The ground for competition among networks becomes the success of a system owner at creating indexing and profiling software which matches the needs of its clients, at maintaining a appropriate balance of privacy rights against guarantees of information quality and delivery, and increasing the efficiency of the information marketplace over time.
How Do We Get There?
Where would such a network come from? While the current Internet is a harbinger, its too hard to use, is tied to desktop machinery, and has the wrong economic structure. One of the requirements for progress is more bandwidth, which enables users to send higher volumes of information in shorter periods of time. The proposed NREN (National Research and Education Network) high-bandwidth backbone (powerful computers connected by high-speed communications lines) has the problem of being overtly subsidized and controlled by government, which is unlikely to lead to a market structure and it seems unwise to entrust the bureaucrats that gave us NASA and DOE with the potential core of an information society.
Many parts of the physical infrastructures that could be employed for a market network do exist; they are owned by the regional Bell companies, the long-distance carriers, and (to some extent) cable TV operators. The Bell companies may allowed to enter the information services marketplace within the next year. At the same time, they should be prevented from using money from voice (monopoly-market) consumers to gain unfair advantage in the information market. The market network may be a way of setting up the appropriate incentives, providing the Bell companies were required to act as common carriers for all comers, in addition to being buyers and sellers of information on their own account.

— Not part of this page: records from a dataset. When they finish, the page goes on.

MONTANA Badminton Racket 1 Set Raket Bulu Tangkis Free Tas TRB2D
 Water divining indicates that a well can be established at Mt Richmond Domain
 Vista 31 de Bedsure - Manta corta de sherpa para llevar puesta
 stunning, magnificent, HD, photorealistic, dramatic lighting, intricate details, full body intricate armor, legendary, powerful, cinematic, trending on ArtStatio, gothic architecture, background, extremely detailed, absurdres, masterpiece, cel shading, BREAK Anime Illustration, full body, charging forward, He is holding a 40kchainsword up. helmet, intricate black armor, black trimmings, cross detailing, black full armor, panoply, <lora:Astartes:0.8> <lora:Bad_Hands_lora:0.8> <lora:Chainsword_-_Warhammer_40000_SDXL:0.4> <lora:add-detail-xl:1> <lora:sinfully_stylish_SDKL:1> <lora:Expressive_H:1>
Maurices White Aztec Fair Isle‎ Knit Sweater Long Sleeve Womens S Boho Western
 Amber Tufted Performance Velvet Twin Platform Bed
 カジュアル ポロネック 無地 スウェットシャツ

An intriguing possibility is that such a network could be created without laying wires and optical fibers. Cellular telephone technology is already so cheap that it has been proposed as an alternative to a wired network in the former East Germany. Petitions have been filed with the FCC for bandwidth for two-way radio connection of portable computers, and hardware firms are scrambling madly to bring such devices to market. The success of regional public bulletin-board systems, like the WELL, indicate that it may not be necessary to build an national network to begin bootstrapping an information marketplace. If this vision works out, the new medium could be coming to your neighborhood, in the air, sometime soon. The year 2000 seems a reasonable guess, but favorable breaks on public-policy decisions, technology advance and venture funding could move the date even closer.